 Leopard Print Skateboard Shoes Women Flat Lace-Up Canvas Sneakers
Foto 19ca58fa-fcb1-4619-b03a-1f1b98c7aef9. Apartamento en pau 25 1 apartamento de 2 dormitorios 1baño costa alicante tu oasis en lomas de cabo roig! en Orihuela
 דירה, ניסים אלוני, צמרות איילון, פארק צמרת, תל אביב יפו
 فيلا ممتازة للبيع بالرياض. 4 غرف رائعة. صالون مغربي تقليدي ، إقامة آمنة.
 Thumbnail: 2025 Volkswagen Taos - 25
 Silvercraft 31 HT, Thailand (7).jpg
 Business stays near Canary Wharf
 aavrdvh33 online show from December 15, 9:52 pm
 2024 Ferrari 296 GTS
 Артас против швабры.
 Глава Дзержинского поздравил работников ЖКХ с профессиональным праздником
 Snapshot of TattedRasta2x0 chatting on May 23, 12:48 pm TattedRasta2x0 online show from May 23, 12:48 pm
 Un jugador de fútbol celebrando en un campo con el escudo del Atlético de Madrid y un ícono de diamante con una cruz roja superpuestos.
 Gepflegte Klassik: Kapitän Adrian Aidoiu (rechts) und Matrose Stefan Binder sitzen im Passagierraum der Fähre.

-=-=-=-=-

> **TASK**: Reply with the number of lines in the data above that contain "show", and with nothing else.

> **SOLUTION TO THE PROBLEM**: 2